Print Story A Day in the Life
Running Around in Circles

With locations in the US and Europe a customer had chronic speed problems in Europe. E-Mail was slow, adding attachments resulted in time-outs, queries could take half an hour, often timing out as a result.

Inside I will make you say "LOL WHATTF".

x-posted from brogspot



Technical stuff:
No Web proxy
Available bandwidth:

US and Germany have own IPs, UK connects through them
US has a dedicated T1, Germany has a 2MB DSL, UK has 3MB "Internet Access"
Germany's Trace Route:
2 * * * Zeitüberschreitung der Anforderung.
3 * * * Zeitüberschreitung der Anforderung.
4 * * * Zeitüberschreitung der Anforderung.

etc.

Germany's Ping:
Antwort von x.x.x.132: Bytes=128 Zeit=205ms TTL=226
Antwort von x.x.x.132: Bytes=128 Zeit=201ms TTL=226
Zeitüberschreitung der Anforderung.
Zeitüberschreitung der Anforderung.
...
Zeitüberschreitung der Anforderung.
Zeitüberschreitung der Anforderung.
Antwort von x.x.x.132: Bytes=128 Zeit=202ms TTL=226
Antwort von x.x.x.132: Bytes=128 Zeit=173ms TTL=235
Zeitüberschreitung der Anforderung.
...
Zeitüberschreitung der Anforderung.
Zeitüberschreitung der Anforderung.
Antwort von x.x.x.132: Bytes=128 Zeit=404ms TTL=234
Antwort von x.x.x.132: Bytes=128 Zeit=398ms TTL=234
Antwort von x.x.x.132: Bytes=128 Zeit=404ms TTL=234
Antwort von x.x.x.132: Bytes=128 Zeit=398ms TTL=234
...
Antwort von x.x.x.250: Bytes=56 (gesendet 128) Zeit=3570ms TTL=228
Antwort von x.x.x.250: Bytes=56 (gesendet 128) Zeit=191ms TTL=228
Antwort von x.x.x.250: Bytes=56 (gesendet 128) Zeit=192ms TTL=228

That's some serious delay going on, and it got worse as soon as the US would come on-line.
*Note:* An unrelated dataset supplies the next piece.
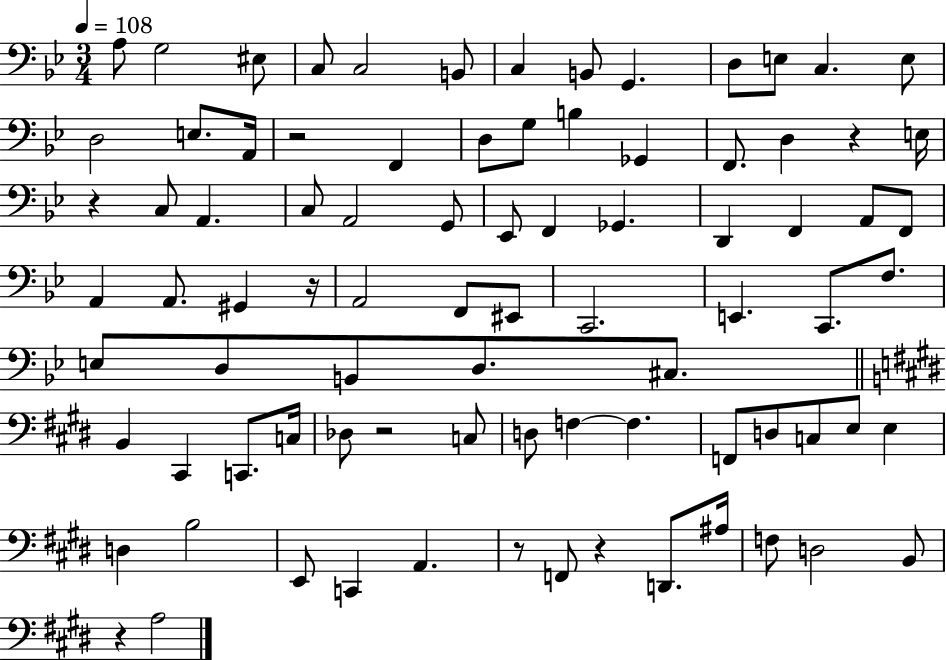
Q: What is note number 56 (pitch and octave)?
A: Db3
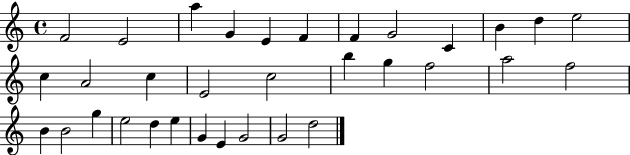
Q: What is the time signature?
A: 4/4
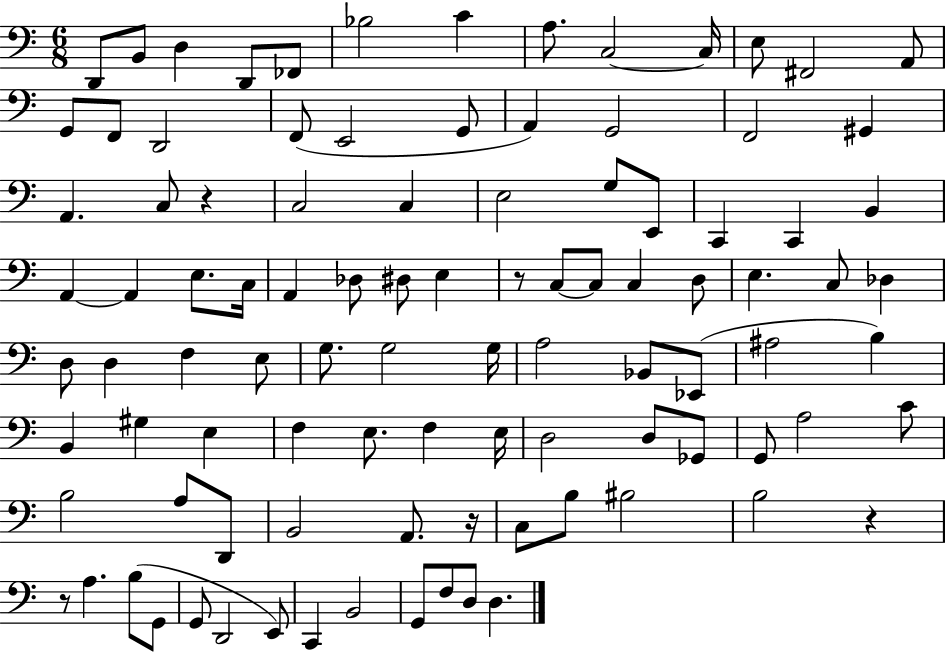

Whatever the Europeans wanted to get done, they needed to be finished with it by around 2:00p.m.

We got a network diagram and information on settings and everything looked kosher. There were no 404s, just time-outs and really slow response times. So bad was this packet loss, in fact, that they'd often get "Cannot find server or DNS Error" messages. Basic look-ups (many of which you'd expect to have been cached) were failing.

After two weeks of exhausting the possibility of hardware errors, we started inspecting the application servers. More people were brought in. We set logging to the highest possible and painfully checked through megs and megs of information. Surprisingly enough, despite the high amount of logging (normally not done during production hours), there was no worsening of the system.

There was also no answer in sight.

We turned to the database. Even more people were brought in. The generated SQL and activities were examined and everything looked fine, at least for those requests which actually made it to the database. Many didn't.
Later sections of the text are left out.